Equipped with hard hats and shovels, the district team held back-to-back ground-breaking ceremonies Jan. 19 at the Miller Avenue School and Wading River School to highlight for the students their upcoming construction projects, the majority of which will take place over the summer in order to be completed by the time school starts back up in September.
Some of the work being done includes the construction of four brand new kindergarten classrooms at Miller Avenue School , as well as a complete reconfiguration of the building to make it a more child-friendly and productive space — planned installation of bathrooms in the classrooms, for instance, serves to eliminate daily lesson disruptions caused by frequent and time-consuming trips down the hallway.
“It’s really going to make instruction a lot better,” Miller Avenue School Principal Christine Carlson said.
The Wading River School will see the renovation of 10 classrooms, the addition of four new ones, the construction of a cafetorium, as well as significant interior upgrades like making its bathrooms Americans with Disabilities Act accessible.
Neither building has received major improvements since they were built in the 1960s and 1970s, and so, the bond will also go toward to replacing a lot of the original infrastructure like the weathered roofs and windows.

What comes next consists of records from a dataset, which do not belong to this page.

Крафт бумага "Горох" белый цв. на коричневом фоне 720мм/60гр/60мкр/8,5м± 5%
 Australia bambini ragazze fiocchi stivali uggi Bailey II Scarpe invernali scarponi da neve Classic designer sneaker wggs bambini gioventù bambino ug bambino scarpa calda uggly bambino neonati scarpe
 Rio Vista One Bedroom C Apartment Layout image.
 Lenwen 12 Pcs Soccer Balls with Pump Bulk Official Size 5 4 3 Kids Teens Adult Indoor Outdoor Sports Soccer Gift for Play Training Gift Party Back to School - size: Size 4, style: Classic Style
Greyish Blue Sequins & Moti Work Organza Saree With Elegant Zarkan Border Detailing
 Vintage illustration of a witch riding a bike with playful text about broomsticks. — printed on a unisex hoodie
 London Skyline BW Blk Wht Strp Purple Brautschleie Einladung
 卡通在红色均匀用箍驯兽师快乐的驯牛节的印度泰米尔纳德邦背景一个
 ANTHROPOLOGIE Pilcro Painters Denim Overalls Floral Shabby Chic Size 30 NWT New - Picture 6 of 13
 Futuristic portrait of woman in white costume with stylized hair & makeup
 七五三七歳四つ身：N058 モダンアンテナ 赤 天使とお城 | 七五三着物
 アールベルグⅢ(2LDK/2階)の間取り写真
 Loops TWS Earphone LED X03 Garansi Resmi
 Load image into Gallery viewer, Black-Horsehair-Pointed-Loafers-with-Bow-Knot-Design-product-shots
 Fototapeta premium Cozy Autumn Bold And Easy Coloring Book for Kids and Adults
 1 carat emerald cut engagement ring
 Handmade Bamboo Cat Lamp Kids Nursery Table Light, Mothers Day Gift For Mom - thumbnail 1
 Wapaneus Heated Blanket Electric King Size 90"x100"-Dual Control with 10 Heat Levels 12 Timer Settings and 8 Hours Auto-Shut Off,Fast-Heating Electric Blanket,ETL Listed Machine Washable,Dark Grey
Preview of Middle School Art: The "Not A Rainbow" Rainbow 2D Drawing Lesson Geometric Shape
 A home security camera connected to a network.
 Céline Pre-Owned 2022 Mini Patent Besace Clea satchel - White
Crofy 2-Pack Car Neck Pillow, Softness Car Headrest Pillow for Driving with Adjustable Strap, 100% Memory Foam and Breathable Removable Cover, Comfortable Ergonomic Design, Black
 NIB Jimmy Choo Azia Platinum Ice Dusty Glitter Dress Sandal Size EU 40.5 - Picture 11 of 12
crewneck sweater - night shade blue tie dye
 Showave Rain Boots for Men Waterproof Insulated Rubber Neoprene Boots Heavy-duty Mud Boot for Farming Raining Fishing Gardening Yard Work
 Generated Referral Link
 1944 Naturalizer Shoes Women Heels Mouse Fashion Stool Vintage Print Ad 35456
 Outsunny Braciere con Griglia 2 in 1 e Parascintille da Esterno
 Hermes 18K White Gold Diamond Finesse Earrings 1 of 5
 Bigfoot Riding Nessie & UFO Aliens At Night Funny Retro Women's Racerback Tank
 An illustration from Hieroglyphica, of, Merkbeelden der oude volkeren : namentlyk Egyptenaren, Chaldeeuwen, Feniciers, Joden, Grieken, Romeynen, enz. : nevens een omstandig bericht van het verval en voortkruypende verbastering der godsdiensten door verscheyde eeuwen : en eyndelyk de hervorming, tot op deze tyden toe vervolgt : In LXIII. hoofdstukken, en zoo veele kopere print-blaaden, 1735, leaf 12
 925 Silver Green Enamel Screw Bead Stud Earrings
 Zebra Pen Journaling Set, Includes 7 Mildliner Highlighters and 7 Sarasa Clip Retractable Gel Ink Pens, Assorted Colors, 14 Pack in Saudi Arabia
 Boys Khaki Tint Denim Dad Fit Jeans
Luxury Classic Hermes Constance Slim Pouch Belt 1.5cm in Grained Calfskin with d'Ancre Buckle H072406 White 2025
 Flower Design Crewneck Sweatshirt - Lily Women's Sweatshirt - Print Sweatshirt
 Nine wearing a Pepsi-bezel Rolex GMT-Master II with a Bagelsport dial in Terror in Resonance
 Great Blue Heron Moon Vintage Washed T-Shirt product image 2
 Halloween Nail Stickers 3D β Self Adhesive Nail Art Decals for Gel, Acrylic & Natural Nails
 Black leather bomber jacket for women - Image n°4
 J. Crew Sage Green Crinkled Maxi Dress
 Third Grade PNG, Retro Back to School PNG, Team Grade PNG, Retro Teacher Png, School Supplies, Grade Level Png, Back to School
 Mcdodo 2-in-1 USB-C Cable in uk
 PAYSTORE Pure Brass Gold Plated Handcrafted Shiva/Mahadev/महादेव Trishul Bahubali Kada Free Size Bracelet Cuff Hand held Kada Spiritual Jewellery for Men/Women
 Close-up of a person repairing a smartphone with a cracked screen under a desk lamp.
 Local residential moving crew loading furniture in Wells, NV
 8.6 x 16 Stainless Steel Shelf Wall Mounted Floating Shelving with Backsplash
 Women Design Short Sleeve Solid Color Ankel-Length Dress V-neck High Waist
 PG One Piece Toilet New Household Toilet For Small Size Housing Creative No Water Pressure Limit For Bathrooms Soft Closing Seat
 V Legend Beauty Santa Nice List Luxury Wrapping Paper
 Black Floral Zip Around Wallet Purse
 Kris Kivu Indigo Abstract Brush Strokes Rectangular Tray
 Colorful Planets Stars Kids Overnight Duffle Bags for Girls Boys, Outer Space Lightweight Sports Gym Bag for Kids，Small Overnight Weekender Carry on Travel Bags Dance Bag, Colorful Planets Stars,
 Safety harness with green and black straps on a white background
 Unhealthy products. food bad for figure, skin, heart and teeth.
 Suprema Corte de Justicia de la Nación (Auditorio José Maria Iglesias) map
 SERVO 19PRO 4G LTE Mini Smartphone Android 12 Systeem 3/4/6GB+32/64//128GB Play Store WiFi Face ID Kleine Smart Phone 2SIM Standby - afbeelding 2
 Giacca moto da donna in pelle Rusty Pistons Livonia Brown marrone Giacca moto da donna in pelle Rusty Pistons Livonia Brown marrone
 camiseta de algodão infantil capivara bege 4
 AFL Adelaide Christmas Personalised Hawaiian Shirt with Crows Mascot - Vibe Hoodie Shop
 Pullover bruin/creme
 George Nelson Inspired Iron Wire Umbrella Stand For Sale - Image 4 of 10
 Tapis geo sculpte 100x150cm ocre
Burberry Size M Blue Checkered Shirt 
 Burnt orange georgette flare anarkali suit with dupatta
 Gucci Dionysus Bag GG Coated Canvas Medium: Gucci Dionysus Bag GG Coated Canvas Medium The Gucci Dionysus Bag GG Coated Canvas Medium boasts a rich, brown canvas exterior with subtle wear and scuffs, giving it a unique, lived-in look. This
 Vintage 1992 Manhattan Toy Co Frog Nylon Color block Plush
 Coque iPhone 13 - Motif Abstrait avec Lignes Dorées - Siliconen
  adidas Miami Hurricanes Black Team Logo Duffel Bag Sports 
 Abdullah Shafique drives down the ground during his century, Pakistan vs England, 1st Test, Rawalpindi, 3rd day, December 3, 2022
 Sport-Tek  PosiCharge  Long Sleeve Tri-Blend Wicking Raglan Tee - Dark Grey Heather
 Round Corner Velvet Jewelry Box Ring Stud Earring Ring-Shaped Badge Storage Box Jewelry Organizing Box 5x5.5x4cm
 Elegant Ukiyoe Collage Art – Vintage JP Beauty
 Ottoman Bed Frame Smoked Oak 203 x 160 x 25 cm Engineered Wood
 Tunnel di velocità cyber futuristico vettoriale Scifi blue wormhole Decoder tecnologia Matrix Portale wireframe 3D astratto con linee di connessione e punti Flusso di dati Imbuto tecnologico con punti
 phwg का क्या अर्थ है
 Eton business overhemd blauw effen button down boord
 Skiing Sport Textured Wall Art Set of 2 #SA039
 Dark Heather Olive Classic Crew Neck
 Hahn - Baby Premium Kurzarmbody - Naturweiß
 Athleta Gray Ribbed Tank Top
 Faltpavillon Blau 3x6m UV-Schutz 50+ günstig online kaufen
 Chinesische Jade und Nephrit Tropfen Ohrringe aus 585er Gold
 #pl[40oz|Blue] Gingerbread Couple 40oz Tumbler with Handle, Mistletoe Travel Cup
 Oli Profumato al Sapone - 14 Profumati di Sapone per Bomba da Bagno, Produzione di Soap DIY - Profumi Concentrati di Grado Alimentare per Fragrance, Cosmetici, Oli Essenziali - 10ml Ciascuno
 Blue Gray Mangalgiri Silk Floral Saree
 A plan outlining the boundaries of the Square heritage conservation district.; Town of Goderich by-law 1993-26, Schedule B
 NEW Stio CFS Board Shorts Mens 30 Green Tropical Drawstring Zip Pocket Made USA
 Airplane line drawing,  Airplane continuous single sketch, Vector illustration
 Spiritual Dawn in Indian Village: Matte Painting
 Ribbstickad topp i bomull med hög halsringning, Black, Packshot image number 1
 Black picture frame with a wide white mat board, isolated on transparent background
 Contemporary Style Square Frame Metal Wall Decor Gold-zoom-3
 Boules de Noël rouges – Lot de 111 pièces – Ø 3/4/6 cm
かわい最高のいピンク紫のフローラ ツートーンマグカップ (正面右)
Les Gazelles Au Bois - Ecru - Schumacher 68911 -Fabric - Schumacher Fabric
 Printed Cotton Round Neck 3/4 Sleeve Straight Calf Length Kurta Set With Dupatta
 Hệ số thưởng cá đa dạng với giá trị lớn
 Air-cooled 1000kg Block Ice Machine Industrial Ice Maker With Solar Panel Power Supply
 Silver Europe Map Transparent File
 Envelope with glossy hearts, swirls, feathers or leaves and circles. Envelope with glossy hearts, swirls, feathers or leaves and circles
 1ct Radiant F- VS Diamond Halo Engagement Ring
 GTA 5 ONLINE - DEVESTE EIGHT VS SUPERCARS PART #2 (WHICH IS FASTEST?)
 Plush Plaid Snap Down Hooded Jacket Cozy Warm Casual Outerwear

“It’s a long road [still], but it’s great and exciting,” board trustee and co-president of the bond committee Michael Lewis said. “It’s going to be difficult — there’s going to be a lot of construction here, some disruption for the kids and parents, but in September, everyone’s going to be overwhelmed by the amount of work that was done and how great the schools are going to look.”
“This will impact K-12, arts, sports, your typical classroom settings, everything.”
Lewis formed the bond committee with other board members in an attempt to get as much done in as short a period as possible. They spent about nine months reviewing building conditions, weighing options and finding potential upgrades needed to bring the district to “modern standards of design, safety, codes and efficiency” while landing on a total cost that the community would accept.
The $48.5 million bond project was met with overwhelming approval by the community with a vote of 1,421 to 585 on Jan. 13, 2015, allowing the district to get its renovations underway.
“Each of the four schools [including Prodell Middle School] is getting between $12 and $13 million,” Lewis said. “It’s spread pretty evenly, which is great. It’s not a bond that just touches one school. This will impact K-12, arts, sports, your typical classroom settings, everything.” The Shoreham-Wading River district plans to begin construction projects to Prodell Middle School next year.
At the front of Wading River Elementary, the school’s entire student body, as well as its teachers and administrators, joined the board members in a groundbreaking celebration the ceremony, kicked off with a performance by the fifth grade band.
Principal Louis Parrinello addressed the group of kids, calling for a round of applause to the board members.
“They’re here because behind the scenes they’re the ones that helping to make this all happen, plus all your parents at home and community members that voted to make your school even more beautiful for you, and all the little kids that are gonna come forward,” he said. “It’s going to have a big impact.”